That explicit permission to disagree, unique to the Commonwealth, may have been prompted by a 2020 opinion from the Virginia Judicial Ethics Advisory Committee nixing a judge’s proposed article about the state supreme court’s interpretation of a criminal law.  Virginia Advisory Opinion 2020-2.  (The Virginia Supreme Court had approved the opinion as a rule requires the committee to “submit any proposed advisory opinion to the Supreme Court of Virginia for approval prior to its release to the inquirer and the public.”)

Noting its assumption that the author would be “scholarly and respectful” and would not discuss pending or impending cases, the committee determined that the article would likely be “a permissible educational or scholarship exercise”—if the judge-author only analyzed the statute and the court’s decisions.  However, the judge also intended “to assert that the Court has interpreted the statute ‘incorrectly’ and to provide an alternative interpretation.”  In the committee’s opinion, readers would likely infer from that analysis that, in ruling as a judge, the author would substitute their preferred interpretation rather than follow the criticized precedent.

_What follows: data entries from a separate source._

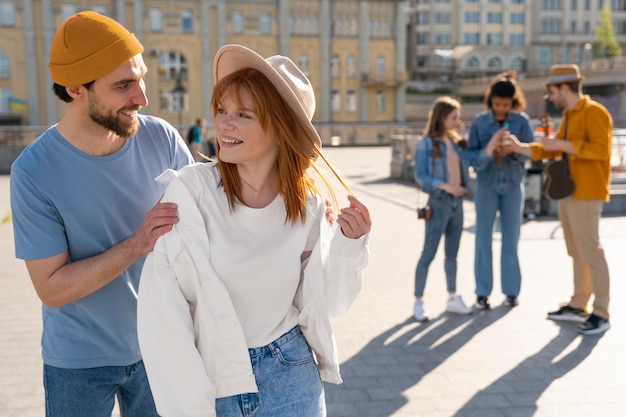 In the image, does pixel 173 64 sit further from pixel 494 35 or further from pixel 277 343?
pixel 277 343

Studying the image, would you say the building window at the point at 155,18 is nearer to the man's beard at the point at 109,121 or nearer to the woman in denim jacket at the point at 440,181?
the woman in denim jacket at the point at 440,181

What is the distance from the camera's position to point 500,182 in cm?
654

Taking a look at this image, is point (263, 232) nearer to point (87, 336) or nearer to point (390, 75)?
point (87, 336)

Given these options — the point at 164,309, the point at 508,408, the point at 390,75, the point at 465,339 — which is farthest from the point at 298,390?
the point at 390,75

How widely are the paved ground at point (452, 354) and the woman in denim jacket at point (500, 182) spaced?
0.32 m

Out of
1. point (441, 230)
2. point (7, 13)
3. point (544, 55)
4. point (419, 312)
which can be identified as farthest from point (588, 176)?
point (544, 55)

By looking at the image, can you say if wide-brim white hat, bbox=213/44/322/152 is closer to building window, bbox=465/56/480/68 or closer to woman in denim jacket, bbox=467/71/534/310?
woman in denim jacket, bbox=467/71/534/310

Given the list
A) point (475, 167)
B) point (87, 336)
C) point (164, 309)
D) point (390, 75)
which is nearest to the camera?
point (164, 309)

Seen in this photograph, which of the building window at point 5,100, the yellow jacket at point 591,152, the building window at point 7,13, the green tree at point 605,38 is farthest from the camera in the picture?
the green tree at point 605,38

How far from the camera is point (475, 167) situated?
6602 mm

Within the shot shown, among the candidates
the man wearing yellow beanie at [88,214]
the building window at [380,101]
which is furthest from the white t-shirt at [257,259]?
the building window at [380,101]

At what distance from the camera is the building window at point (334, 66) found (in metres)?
55.9

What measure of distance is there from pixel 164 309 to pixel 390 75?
56.4m

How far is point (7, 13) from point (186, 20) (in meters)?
12.4
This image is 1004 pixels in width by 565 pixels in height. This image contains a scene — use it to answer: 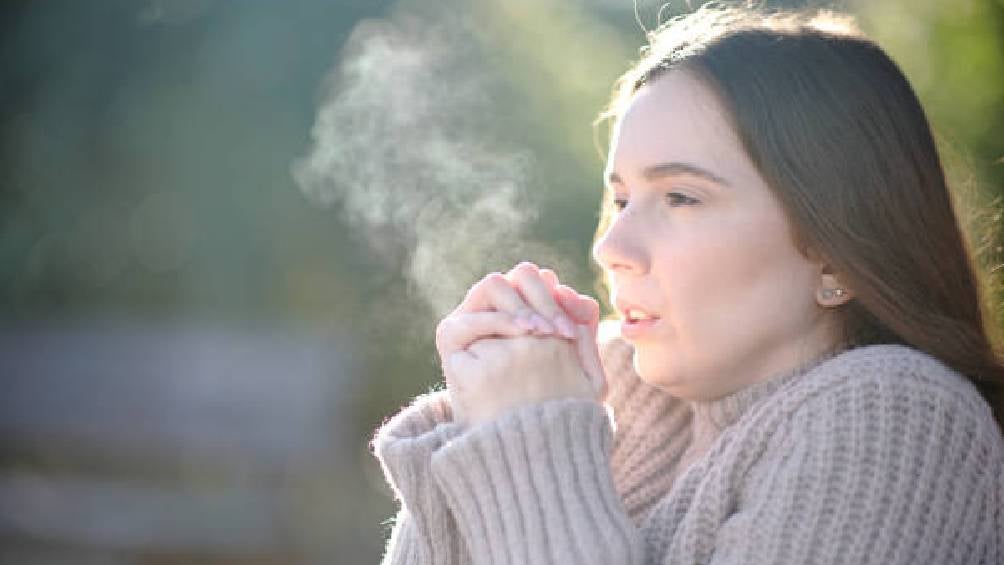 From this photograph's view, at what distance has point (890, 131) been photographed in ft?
6.05

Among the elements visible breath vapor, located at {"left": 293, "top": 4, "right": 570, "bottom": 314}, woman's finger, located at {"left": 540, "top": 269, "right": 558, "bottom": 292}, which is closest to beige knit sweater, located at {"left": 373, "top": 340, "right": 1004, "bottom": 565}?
woman's finger, located at {"left": 540, "top": 269, "right": 558, "bottom": 292}

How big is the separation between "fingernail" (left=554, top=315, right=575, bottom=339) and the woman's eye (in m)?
0.25

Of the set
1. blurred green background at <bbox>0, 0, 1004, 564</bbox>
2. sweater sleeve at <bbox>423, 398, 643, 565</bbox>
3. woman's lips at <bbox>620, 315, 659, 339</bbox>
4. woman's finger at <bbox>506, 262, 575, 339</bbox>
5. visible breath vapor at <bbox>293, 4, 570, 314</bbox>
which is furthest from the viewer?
blurred green background at <bbox>0, 0, 1004, 564</bbox>

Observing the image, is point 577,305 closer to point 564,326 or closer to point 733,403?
point 564,326

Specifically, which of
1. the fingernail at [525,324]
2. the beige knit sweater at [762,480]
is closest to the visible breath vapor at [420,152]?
the fingernail at [525,324]

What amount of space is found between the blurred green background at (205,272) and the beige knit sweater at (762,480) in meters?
3.71

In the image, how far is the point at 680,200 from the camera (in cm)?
186

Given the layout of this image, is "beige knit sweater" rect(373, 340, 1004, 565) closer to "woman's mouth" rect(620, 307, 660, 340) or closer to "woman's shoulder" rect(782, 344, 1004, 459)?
"woman's shoulder" rect(782, 344, 1004, 459)

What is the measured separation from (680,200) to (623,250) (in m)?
0.10

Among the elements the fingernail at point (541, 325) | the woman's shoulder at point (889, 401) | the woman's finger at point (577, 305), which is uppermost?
the woman's finger at point (577, 305)

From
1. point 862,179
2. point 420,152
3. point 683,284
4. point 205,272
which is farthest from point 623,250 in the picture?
point 205,272

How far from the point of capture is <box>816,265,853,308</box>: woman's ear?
6.10 ft

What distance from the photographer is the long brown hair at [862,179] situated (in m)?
1.81

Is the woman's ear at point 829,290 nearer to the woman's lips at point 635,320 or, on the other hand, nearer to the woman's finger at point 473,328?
the woman's lips at point 635,320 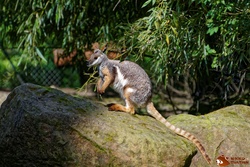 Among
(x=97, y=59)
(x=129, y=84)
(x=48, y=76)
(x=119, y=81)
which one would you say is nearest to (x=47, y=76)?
(x=48, y=76)

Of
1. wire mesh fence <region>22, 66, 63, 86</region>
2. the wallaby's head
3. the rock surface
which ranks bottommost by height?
wire mesh fence <region>22, 66, 63, 86</region>

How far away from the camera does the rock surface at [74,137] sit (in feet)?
16.8

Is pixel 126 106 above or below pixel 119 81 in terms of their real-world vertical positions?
below

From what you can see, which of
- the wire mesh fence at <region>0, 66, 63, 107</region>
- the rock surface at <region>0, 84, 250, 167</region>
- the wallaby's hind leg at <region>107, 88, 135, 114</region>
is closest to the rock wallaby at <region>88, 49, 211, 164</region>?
the wallaby's hind leg at <region>107, 88, 135, 114</region>

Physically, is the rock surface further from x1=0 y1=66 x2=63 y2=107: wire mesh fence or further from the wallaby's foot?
x1=0 y1=66 x2=63 y2=107: wire mesh fence

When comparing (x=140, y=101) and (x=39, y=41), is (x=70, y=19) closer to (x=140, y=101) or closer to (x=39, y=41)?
(x=39, y=41)

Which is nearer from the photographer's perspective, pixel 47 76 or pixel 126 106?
pixel 126 106

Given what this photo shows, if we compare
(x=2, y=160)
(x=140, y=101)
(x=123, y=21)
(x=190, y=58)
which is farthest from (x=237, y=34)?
(x=2, y=160)

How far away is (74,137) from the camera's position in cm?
516

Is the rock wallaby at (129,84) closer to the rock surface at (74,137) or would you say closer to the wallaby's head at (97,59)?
the wallaby's head at (97,59)

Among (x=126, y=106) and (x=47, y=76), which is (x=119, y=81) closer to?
(x=126, y=106)

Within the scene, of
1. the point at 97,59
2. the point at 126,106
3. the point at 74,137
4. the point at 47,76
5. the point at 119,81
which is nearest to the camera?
the point at 74,137

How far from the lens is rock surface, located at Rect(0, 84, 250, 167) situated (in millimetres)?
5125

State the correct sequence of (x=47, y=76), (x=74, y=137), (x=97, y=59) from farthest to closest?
(x=47, y=76)
(x=97, y=59)
(x=74, y=137)
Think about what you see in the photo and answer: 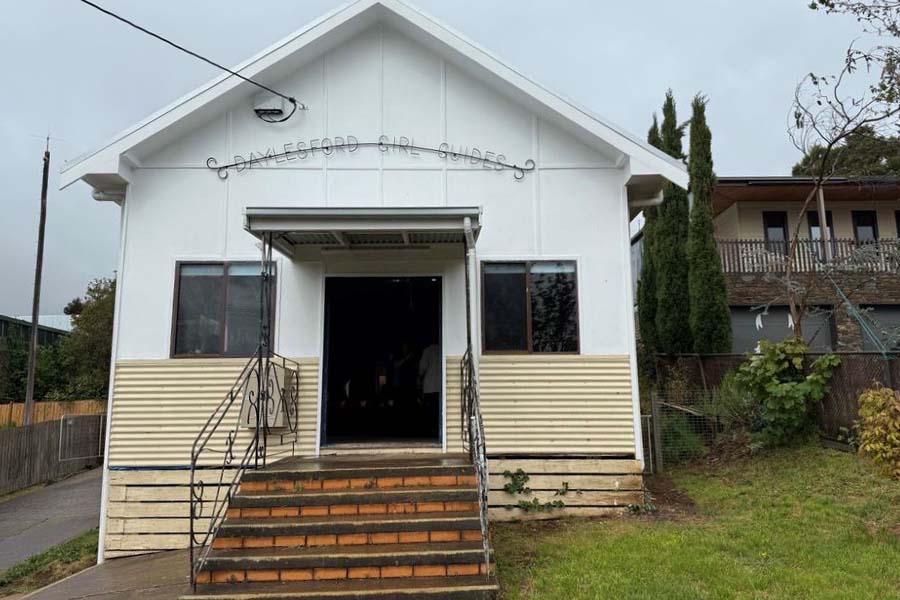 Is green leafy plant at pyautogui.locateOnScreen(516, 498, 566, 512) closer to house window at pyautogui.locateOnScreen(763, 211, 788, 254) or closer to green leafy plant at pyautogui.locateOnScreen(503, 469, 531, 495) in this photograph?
green leafy plant at pyautogui.locateOnScreen(503, 469, 531, 495)

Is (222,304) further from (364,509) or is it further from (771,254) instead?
(771,254)

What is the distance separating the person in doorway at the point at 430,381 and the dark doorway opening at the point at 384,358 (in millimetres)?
16

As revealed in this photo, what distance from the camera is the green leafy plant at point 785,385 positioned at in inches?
356

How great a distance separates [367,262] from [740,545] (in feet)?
17.7

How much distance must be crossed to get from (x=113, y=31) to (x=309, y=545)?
661 centimetres

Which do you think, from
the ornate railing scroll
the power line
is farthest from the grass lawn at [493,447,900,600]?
the power line

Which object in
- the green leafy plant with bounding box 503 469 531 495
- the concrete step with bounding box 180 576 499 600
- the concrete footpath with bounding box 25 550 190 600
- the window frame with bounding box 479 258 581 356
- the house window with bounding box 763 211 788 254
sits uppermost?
the house window with bounding box 763 211 788 254

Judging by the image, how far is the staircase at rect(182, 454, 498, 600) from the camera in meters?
4.96

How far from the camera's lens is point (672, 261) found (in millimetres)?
15945

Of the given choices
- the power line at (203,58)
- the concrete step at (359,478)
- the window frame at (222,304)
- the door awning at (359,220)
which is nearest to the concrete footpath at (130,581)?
the concrete step at (359,478)

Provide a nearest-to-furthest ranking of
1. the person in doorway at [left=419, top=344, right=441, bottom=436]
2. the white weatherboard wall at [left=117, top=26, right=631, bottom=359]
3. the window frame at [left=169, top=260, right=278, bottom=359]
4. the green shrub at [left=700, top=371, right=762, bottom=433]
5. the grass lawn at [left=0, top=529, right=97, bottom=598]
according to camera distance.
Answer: the grass lawn at [left=0, top=529, right=97, bottom=598], the window frame at [left=169, top=260, right=278, bottom=359], the white weatherboard wall at [left=117, top=26, right=631, bottom=359], the person in doorway at [left=419, top=344, right=441, bottom=436], the green shrub at [left=700, top=371, right=762, bottom=433]

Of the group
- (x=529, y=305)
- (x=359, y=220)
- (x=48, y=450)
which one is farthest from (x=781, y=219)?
(x=48, y=450)

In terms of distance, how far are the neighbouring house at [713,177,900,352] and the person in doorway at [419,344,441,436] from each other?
33.9ft

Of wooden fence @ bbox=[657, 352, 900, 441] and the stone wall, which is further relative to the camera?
the stone wall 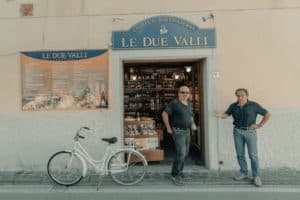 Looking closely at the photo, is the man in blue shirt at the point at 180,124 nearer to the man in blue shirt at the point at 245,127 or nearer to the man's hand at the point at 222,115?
the man's hand at the point at 222,115

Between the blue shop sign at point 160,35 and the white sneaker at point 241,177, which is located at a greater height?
the blue shop sign at point 160,35

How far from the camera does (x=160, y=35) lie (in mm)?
8734

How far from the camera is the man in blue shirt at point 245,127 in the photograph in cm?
773

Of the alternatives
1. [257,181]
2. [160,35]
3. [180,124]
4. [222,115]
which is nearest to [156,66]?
[160,35]

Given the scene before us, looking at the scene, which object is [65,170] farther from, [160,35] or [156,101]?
[156,101]

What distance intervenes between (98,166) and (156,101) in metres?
4.38

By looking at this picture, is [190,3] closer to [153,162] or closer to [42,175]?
[153,162]

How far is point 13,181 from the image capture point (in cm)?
816

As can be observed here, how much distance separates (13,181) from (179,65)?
5470 mm

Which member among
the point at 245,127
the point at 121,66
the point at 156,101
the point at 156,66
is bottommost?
the point at 245,127

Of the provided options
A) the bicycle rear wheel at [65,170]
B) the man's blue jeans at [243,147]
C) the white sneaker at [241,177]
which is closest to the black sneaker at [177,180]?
the white sneaker at [241,177]

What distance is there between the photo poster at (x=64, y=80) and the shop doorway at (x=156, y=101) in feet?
3.90

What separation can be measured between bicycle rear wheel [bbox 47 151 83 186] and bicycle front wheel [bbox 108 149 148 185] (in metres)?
0.63

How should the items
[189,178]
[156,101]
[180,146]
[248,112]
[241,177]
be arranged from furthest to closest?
[156,101], [189,178], [241,177], [180,146], [248,112]
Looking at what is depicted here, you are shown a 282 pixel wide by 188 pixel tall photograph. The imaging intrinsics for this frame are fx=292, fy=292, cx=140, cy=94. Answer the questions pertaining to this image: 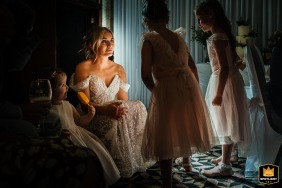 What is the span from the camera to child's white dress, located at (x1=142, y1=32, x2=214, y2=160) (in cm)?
174

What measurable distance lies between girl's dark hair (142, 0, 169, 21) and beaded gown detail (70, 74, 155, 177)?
2.17ft

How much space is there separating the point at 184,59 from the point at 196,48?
11.2ft

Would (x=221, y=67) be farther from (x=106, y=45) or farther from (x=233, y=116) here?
(x=106, y=45)

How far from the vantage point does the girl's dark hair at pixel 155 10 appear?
180 centimetres

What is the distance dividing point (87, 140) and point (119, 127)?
1.22ft

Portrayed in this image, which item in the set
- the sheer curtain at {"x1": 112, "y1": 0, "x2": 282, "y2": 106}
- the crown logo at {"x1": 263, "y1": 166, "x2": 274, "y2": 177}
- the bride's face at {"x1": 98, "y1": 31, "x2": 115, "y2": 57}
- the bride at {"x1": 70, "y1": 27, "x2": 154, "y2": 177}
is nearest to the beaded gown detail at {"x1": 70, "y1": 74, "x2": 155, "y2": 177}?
the bride at {"x1": 70, "y1": 27, "x2": 154, "y2": 177}

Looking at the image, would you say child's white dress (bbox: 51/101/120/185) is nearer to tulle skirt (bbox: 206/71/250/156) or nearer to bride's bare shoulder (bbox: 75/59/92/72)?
bride's bare shoulder (bbox: 75/59/92/72)

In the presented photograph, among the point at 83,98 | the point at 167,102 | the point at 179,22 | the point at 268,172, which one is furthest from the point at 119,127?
the point at 179,22

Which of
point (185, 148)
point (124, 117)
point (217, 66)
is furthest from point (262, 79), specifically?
point (124, 117)

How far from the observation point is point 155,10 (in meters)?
1.80

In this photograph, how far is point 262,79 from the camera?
173 centimetres

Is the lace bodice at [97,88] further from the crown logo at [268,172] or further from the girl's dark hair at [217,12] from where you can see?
the crown logo at [268,172]

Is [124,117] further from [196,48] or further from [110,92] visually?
[196,48]

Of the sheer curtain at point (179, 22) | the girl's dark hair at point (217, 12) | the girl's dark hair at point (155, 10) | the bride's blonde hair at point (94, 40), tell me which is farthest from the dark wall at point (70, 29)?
the sheer curtain at point (179, 22) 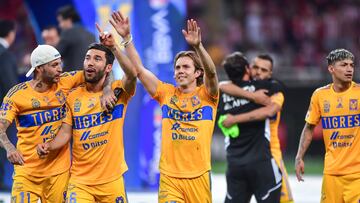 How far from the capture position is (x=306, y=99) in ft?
68.5

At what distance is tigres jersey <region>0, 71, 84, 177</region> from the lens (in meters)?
9.12

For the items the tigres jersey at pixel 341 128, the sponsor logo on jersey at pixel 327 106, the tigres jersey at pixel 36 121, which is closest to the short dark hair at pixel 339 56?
the tigres jersey at pixel 341 128

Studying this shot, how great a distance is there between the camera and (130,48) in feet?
29.4

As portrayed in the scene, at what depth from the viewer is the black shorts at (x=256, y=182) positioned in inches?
413

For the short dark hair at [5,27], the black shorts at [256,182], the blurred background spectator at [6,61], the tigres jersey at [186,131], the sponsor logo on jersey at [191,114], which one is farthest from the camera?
the short dark hair at [5,27]

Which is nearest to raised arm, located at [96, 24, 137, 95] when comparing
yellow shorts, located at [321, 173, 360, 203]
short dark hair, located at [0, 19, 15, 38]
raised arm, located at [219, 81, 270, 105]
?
raised arm, located at [219, 81, 270, 105]

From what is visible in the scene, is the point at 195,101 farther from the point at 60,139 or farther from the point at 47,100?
the point at 47,100

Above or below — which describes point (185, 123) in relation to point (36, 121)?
below

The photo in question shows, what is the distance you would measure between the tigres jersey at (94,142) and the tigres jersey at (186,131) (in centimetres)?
53

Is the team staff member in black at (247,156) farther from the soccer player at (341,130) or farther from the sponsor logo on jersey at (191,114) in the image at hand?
the sponsor logo on jersey at (191,114)

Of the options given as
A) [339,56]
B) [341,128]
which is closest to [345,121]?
[341,128]

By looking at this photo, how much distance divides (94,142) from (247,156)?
2.40 meters

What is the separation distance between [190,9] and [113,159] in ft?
56.4

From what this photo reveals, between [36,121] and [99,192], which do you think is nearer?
[99,192] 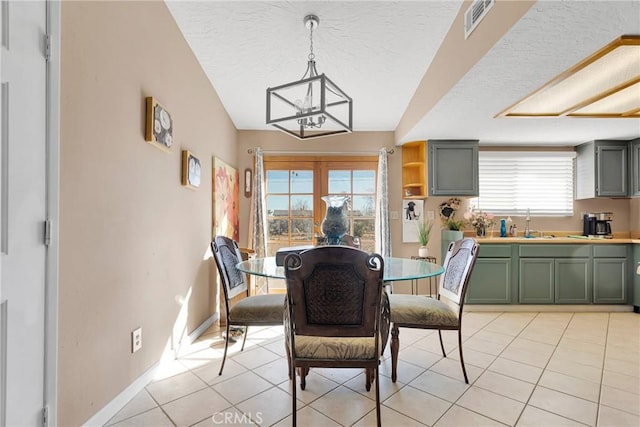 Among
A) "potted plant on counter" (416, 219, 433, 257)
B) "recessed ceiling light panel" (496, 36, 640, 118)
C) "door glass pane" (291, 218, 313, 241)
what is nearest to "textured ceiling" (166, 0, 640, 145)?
"recessed ceiling light panel" (496, 36, 640, 118)

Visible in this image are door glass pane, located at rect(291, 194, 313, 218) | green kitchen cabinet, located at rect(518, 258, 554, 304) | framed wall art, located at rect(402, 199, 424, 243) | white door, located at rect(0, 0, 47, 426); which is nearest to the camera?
white door, located at rect(0, 0, 47, 426)

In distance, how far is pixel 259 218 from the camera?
424cm

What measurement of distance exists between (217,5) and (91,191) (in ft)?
5.14

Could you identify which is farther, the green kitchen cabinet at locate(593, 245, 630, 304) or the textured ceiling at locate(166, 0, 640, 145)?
the green kitchen cabinet at locate(593, 245, 630, 304)

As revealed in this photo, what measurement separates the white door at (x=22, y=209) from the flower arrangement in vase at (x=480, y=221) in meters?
4.19

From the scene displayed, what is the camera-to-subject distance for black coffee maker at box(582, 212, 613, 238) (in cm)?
399

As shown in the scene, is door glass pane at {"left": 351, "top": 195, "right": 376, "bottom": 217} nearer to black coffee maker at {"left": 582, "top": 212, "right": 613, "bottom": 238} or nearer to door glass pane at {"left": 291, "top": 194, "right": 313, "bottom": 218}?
door glass pane at {"left": 291, "top": 194, "right": 313, "bottom": 218}

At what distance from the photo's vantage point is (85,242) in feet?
4.80

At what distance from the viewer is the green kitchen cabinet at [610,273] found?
12.1ft

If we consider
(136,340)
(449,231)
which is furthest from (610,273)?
(136,340)

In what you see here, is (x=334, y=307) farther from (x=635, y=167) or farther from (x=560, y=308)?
(x=635, y=167)

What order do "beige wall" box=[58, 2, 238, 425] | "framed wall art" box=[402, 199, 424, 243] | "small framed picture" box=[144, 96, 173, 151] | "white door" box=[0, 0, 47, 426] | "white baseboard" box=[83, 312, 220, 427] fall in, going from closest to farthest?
"white door" box=[0, 0, 47, 426]
"beige wall" box=[58, 2, 238, 425]
"white baseboard" box=[83, 312, 220, 427]
"small framed picture" box=[144, 96, 173, 151]
"framed wall art" box=[402, 199, 424, 243]

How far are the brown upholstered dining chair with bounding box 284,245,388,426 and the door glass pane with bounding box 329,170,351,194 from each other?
2978 millimetres

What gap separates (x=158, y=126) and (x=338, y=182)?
8.94 feet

Acknowledging the “natural tension” between judges having opinions about legal issues and judges being open-minded, the committee concluded that the proposed article appeared to represent “pre-judging or predisposition that would create in reasonable minds a perception that the judge is partial.”  The committee also rejected the inquiring judge’s suggestion that the article would be permissible if the author included a disclaimer stating that they were not expressing an opinion on any case that may come before them.  The committee noted that it does not have the authority to address First Amendment issues.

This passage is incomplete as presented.